Le bandiere a mezz'asta

di Ivano Porfiri e Maurizio Troccoli

Un attacco terroristico terribile quello avvenuto martedì mattina a Bruxelles. Un’azione simile a quella di Parigi del 13 novembre: più obiettivi in contemporanea. All’aeroporto due esplosioni, poi alla metropolitana alle fermate di Maelbeek e Schuman. La preoccupazione per i connazionali è tanta. Per aiutare la comunicazione di chi vuol dire ai propri cari che sta bene, Facebook ha anche attivato il Safety Check nell’area di Bruxelles.
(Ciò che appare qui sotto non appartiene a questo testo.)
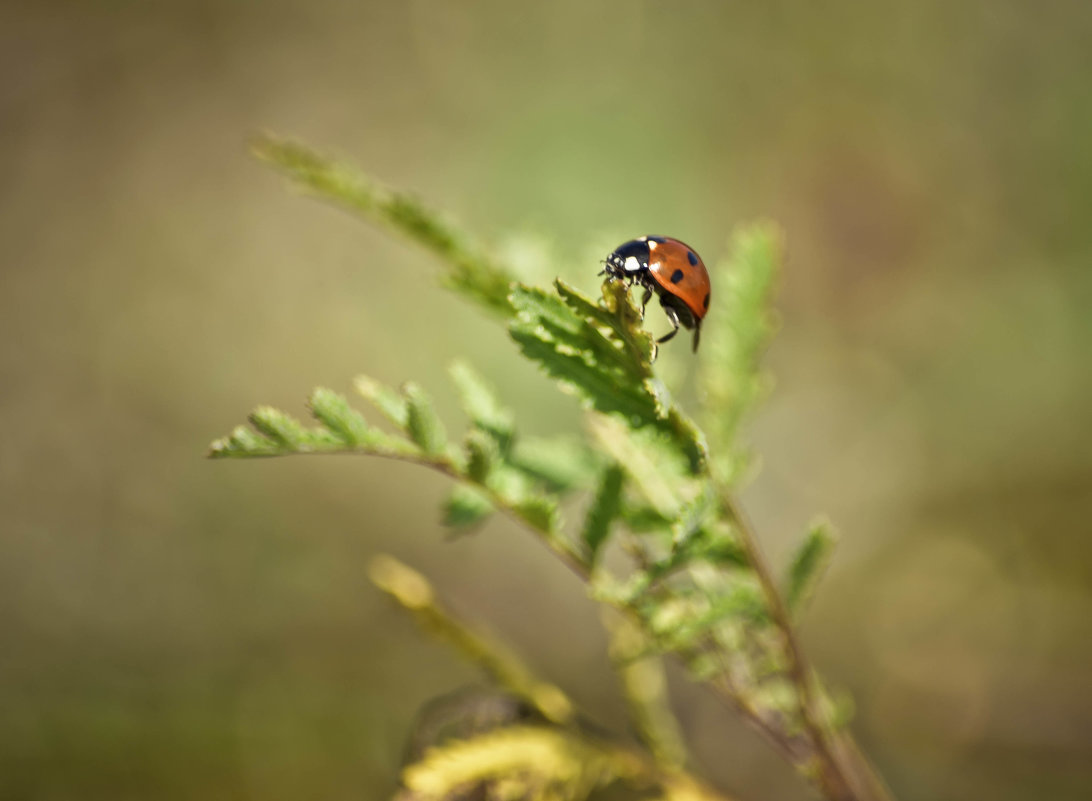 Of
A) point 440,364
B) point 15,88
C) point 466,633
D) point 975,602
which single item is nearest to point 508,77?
point 440,364

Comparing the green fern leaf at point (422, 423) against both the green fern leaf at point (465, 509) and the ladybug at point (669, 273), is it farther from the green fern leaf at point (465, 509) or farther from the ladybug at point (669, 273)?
the ladybug at point (669, 273)

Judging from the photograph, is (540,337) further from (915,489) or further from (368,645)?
(915,489)

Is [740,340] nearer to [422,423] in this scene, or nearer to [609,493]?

Regione: condanna e bandiere La bandiera del Belgio, insieme alle bandiere dell’Italia, dell’Unione europea e della Regione Umbria, è stata esposta a mezz’asta sul balcone della facciata principale di Palazzo Donini. La Giunta regionale ha voluto così esprimere dolore e cordoglio per le vittime degli attentati terroristici di Bruxelles e vicinanza e solidarietà al popolo belga. E intanto l’Assemblea legislativa ha approvato all’unanimità una mozione di condanna del «gravissimo attentato terroristico che ha colpito la città di Bruxelles». Nell’atto si esprime «solidarietà e vicinanza» alle istituzioni e al popolo belga e ai familiari delle vittime e dei feriti. Si sottolinea che il «nuovo sanguinario attacco portato al cuore dell’Unione Europea, colpisce la nostra Istituzione che pone i valori della democrazia, della libertà e della tolleranza a fondamento delle comunità civili». Si ribadisce inoltre la necessità di «rafforzare le coscienze colpite da questo ennesimo crimine per opporre un baluardo inespugnabile contro chi vorrebbe far prevalere il terrore e la violenza». L’Aula di Palazzo Cesaroni, infine, «lancia dall’Umbria, terra di pace e di forte e radicata democrazia, in questa Assemblea legislativa rappresentata al più alto livello, un nuovo un forte impegno unitario contro il terrorismo. Perché oggi più che mai, di fronte a questi fatti terribili, dobbiamo interpretare al più alto livello i valori più profondi della nostra Repubblica democratica assicurando sempre di più, e meglio, il corretto svolgersi della vita delle istituzioni e dei cittadini».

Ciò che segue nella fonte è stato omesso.